The San Francisco judge, who once represented asylum applicants, explained in an interview that witnesses are often in short supply. So are verifying documents; prison guards don’t normally issue any attesting to torture.

Documentation of general country conditions are helpful, particularly State Department reports. “Those are given a fair amount of weight usually,” Marks said.

At the same time, she said, such a report may not be enough to show that what’s described has happened “to you and you’re not stealing a story from the headlines.” A lot ends up resting on the credibility of the applicant.

In Amar’s August hearing, a Homeland Security attorney went after one apparent discrepancy — not about the alleged torture, racism or skinhead attack but about whether he signed any statement in prison. Amar said he didn’t when questioned by his lawyer. But in the interview with an asylum officer, the government lawyer pointed out that Amar said he wasn’t released until he signed a statement saying he wouldn’t participate in any more protests. (He later told the interviewer he also signed a “confidentiality agreement” promising not to talk about the protest.)

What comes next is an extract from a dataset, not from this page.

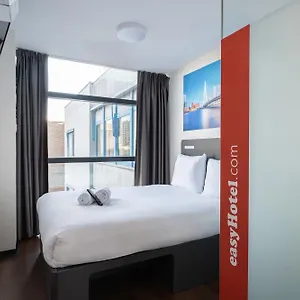 Easyhotel Centre Rotterdam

Judge David Anderson, presiding over the case from Utah by video and a former Homeland Security lawyer, asked Amar: “Why is your testimony different?”

Amar said he wasn’t asked to sign charging documents in particular — seeming to indicate, as his lawyer suggested, that’s what she had been asking him about.

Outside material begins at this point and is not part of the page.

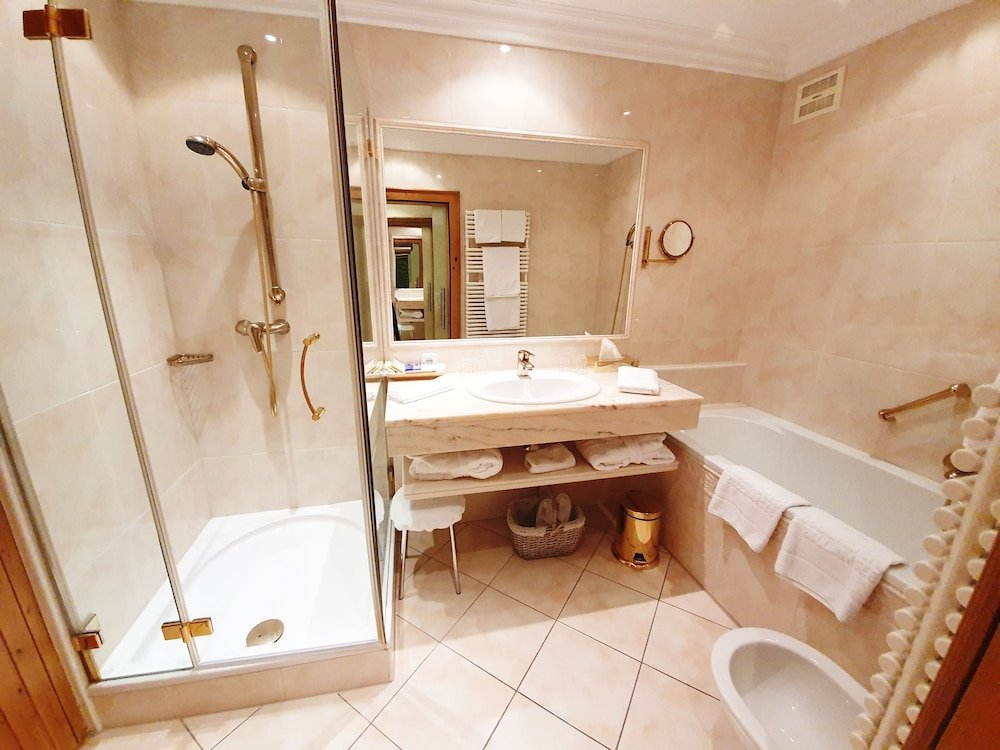 Фото Hotel Salzburgerhof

Anderson, who took two recesses to listen to the lawyer’s questioning again, was not convinced.

He found the discrepancy “goes to the very heart of the respondent’s asylum claim.”

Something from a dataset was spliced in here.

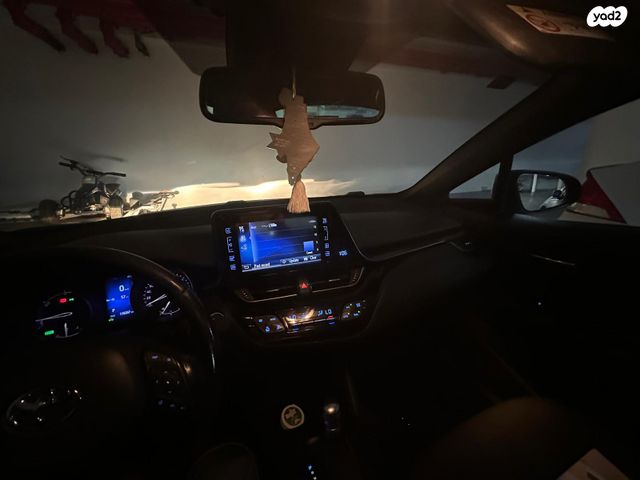 מודעת רכב טויוטה C-HR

The judge said he might still have been swayed by other evidence. But the background reports submitted by Djamilova didn’t specifically name Amar, nor establish that he would be persecuted in Russia — the criteria for asylum — “as opposed to lesser forms of harm such as discrimination.”

And while the judge also considered photographs of Amar’s eye and finger injuries that were submitted, he said he had no evidence as to what caused them.

Denying asylum, Anderson ordered Amar deported to Russia. He had a month to appeal.

Amar soon went on a prolonged hunger strike in the Tacoma detention center, joining a wave of protests over allegedly inadequate food, $1-a-day pay to detainees who work and claims of abusive treatment by guards.

He was placed in medical isolation and was unable to access the law library, he wrote in an appeal signed Sept. 24, explaining why he missed the Sept. 6 deadline.

That was not a good enough reason, the appeals board wrote in a Nov. 2 letter, declining to take action.

That’s where the immigration court records on Amar’s case leave off.

They do not give other information about what happened in the detention center — whether, for example, a rope was found in his cell weeks before his death, as he wrote in a note to a lawyer checking on his welfare, and he was put into a cold, isolation cell without any clothes on. Nor do they say what medical and psychological treatment he received before he tried to hang himself on Nov. 15, leading to his being taken off life support at a Tacoma hospital nine days later.

Homeland Security’s Office of Inspector General is investigating, and is considering an inspection of the detention center, according to a letter to Sens. Patty Murray and Maria Cantwell, and Reps. Adam Smith and Pramila Jayapal, Democrats who contacted the office after Amar’s death.

The rest of his story is, for now, incomplete.